◆ **Information shown**
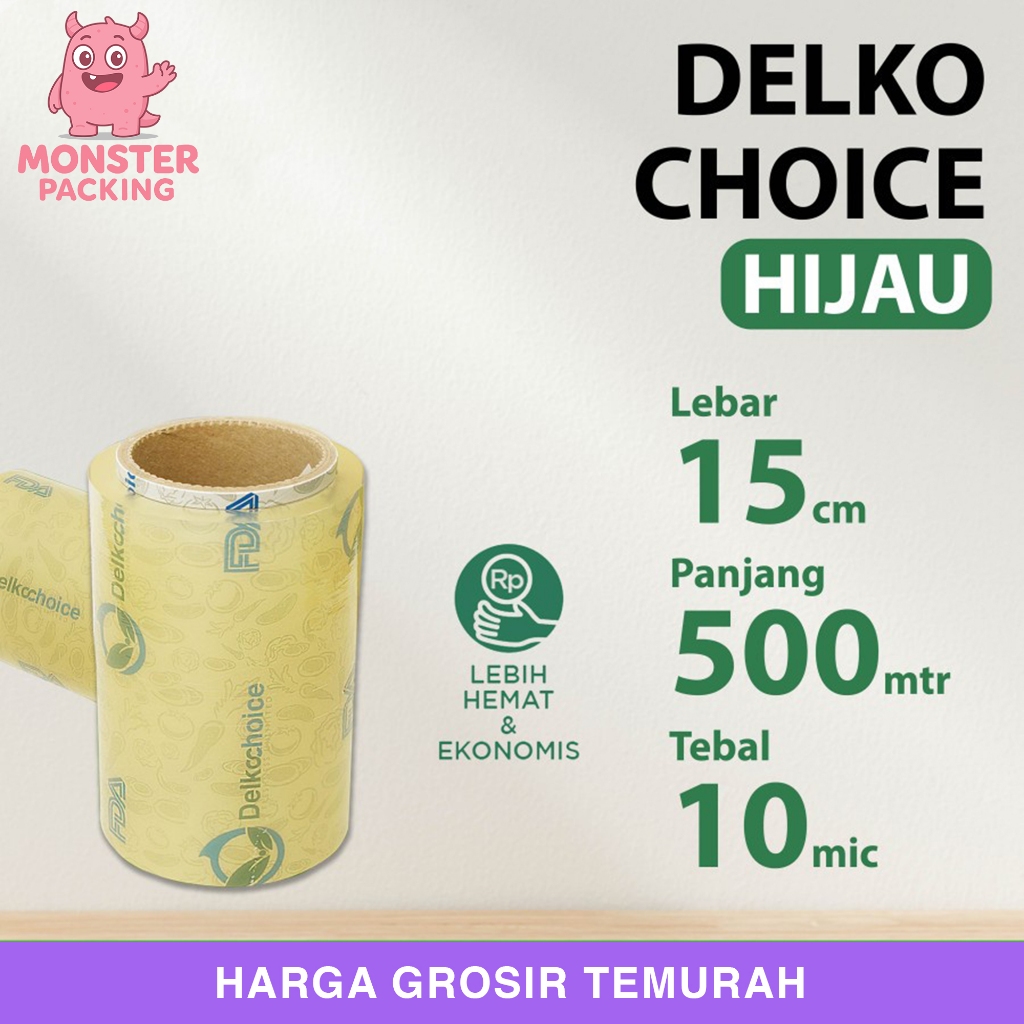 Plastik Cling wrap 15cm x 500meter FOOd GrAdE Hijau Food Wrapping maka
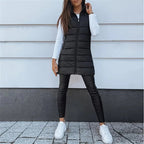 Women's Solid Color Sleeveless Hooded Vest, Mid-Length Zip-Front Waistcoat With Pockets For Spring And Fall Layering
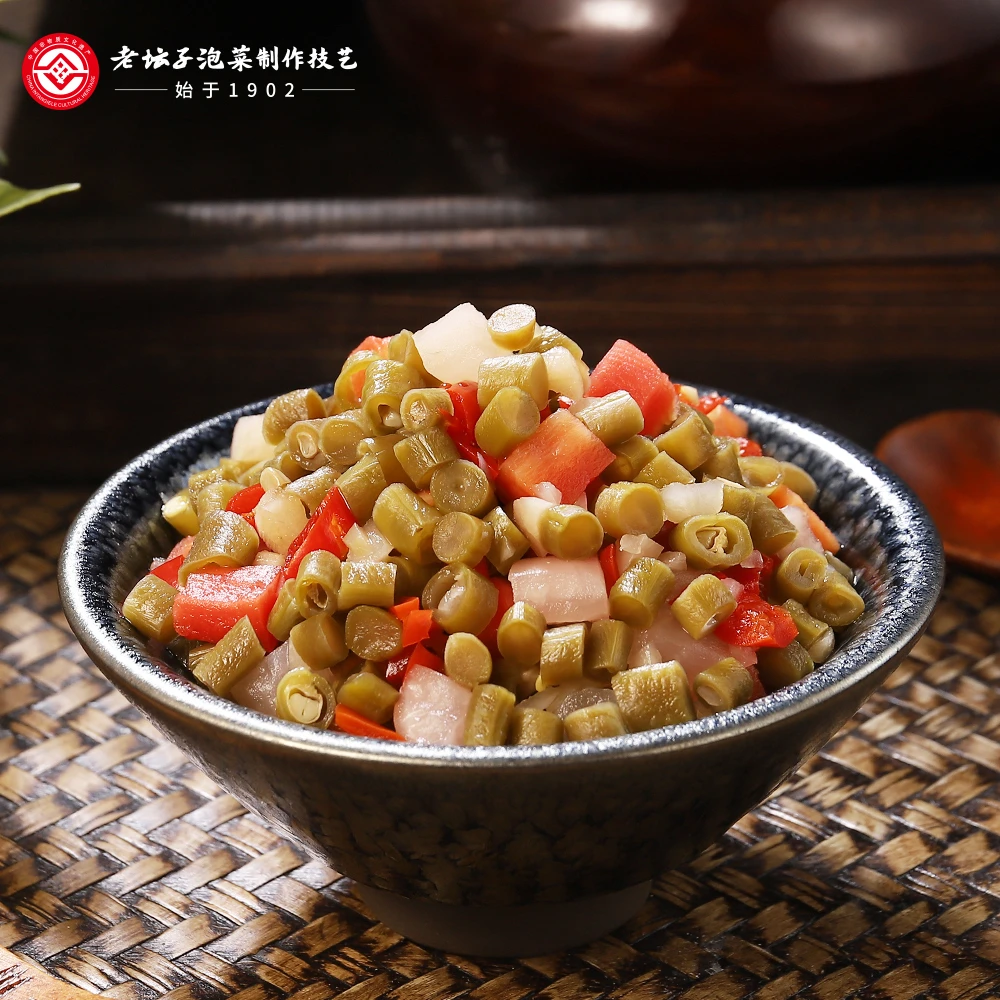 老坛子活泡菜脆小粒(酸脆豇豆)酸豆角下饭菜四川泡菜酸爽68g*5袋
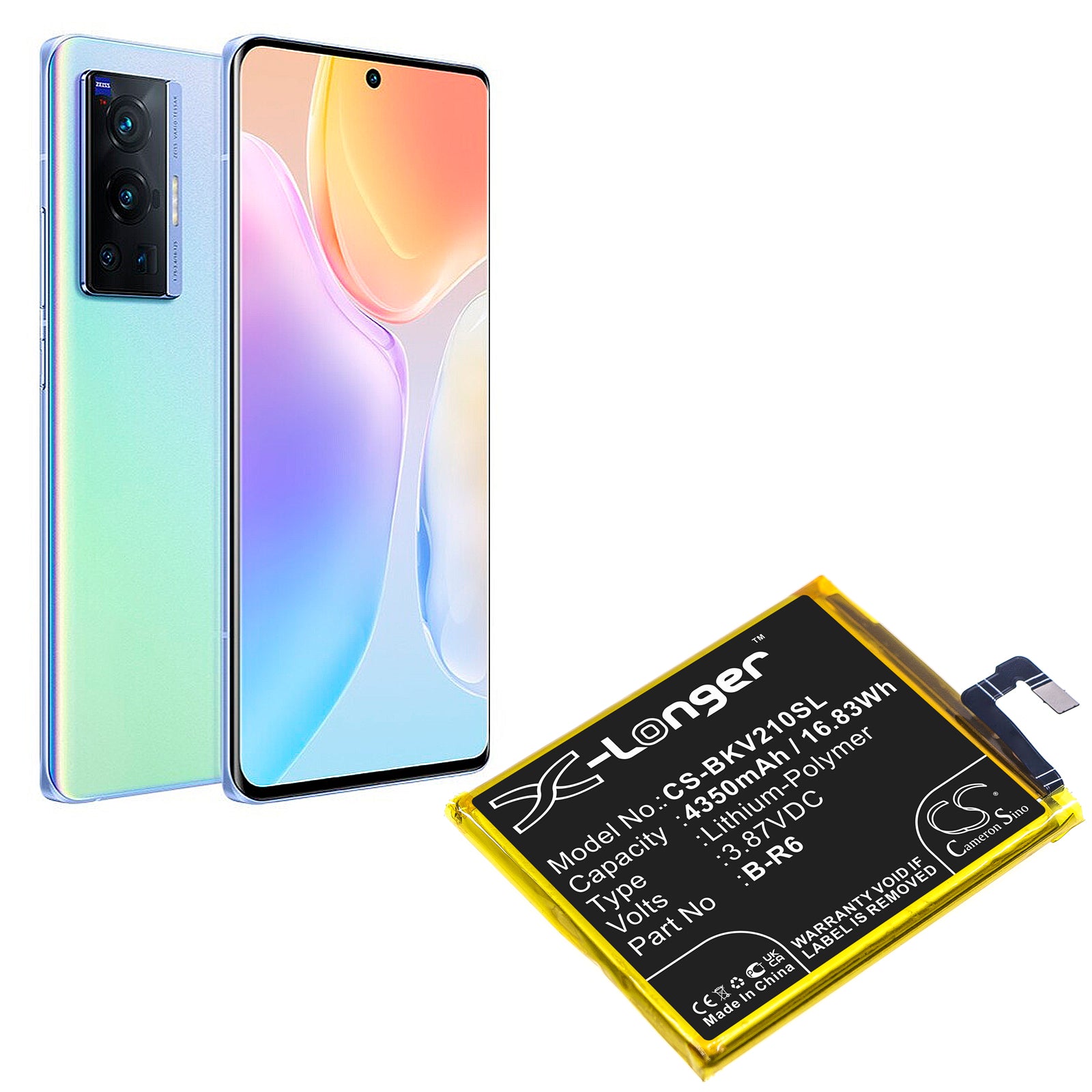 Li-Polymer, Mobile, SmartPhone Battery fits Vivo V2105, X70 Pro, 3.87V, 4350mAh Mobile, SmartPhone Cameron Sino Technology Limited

◆ **Exercise objective**
What you return should be only the lines from the line with "老坛子活泡菜脆小粒(酸脆豇豆)酸豆角下饭菜四川泡菜酸爽68g*5袋" through the last line of the listing above, exactly, both ends included, pictures excluded.

◆ **Answer to this problem**
 老坛子活泡菜脆小粒(酸脆豇豆)酸豆角下饭菜四川泡菜酸爽68g*5袋
 Li-Polymer, Mobile, SmartPhone Battery fits Vivo V2105, X70 Pro, 3.87V, 4350mAh Mobile, SmartPhone Cameron Sino Technology Limited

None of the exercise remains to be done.